If yes then, and correct answer associated with this stings are different then you cannot say that Q is union of Q1 and Q2 without some merge done.
The set of strings Q is *defined* as the union of Q1 and Q2.
Suppose that 1ABABABABAe is correct string in Q1 and 1ABABABABAe is correct in Q2
That can't happen "1ABABABABAe" is in exactly one of Q1, Q2. Since
"ABABABABAe" doesn't look like a Turing machine at all, it's Q2.
- what is it in Q?
"1ABABABABAe" is definitely a member of Q.
Or even more interesting:
Q1:
if first symbol eq '0' return NO
Q2:
if first symbol eq '0' return answer for HCP
Languages are sets of strings; they don't really "return" anything.

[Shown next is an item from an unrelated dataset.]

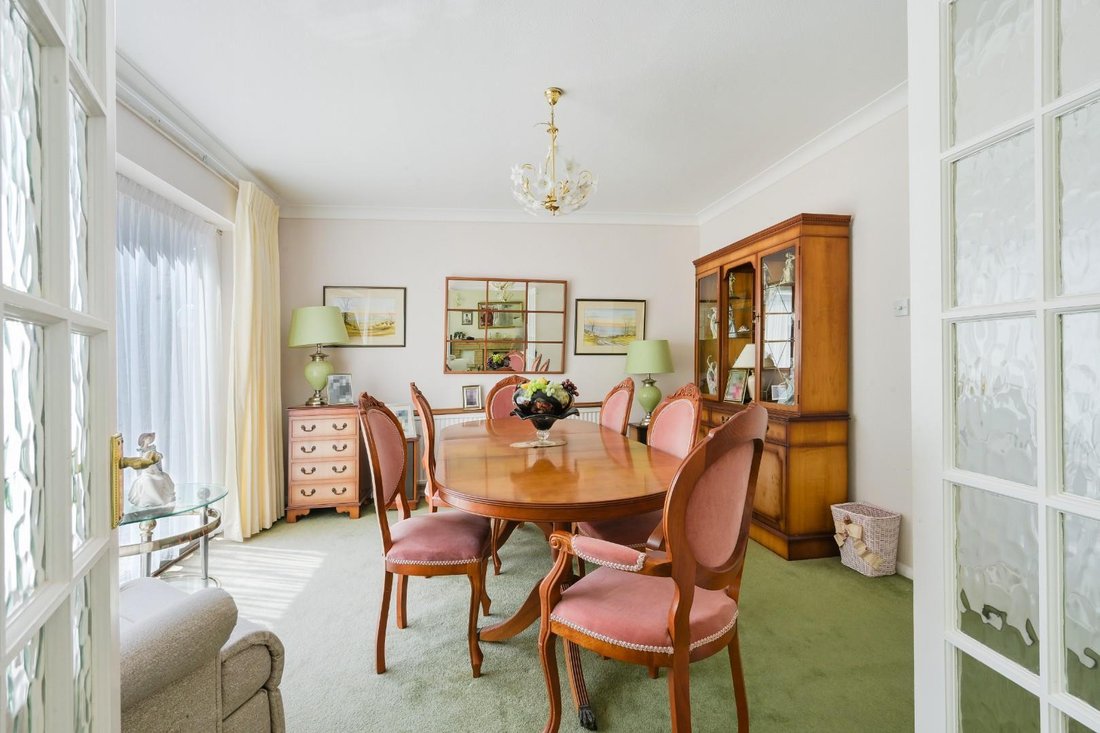 House in Banstead, Reigate and Banstead, England 5 - 18339854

Well... How do you imagine "union" of this languages? It is not a union... Union means that every string from each set is also in union and we expect that ANSWER asociated with string is the same.

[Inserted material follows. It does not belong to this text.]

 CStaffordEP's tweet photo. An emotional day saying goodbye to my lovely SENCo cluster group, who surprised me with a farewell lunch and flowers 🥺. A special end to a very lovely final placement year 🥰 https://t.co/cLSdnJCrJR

The union doesn't associate an answer with a string; a machine
that decides some language does. The answer is to the question
of whether the given string is in the language the machine decides.
Note the trick of my example: deciding Q means determining if any
given string is in either Q1 and Q2, but we do not have to
determine which of Q1 or Q2 it's in.
First, please precise describe what Q IS
See the definitions above.
and if it gives the same answers for the same question as Q1 and Q2.
Using your reasonong why Q is NP-complete we can easily show that Q2 is also NP-complete:
- it can check certificate in polynomial time
No you can't. When the first symbol is '1', it can be followed by
any Turing machine. You'd have to solve the halting problem.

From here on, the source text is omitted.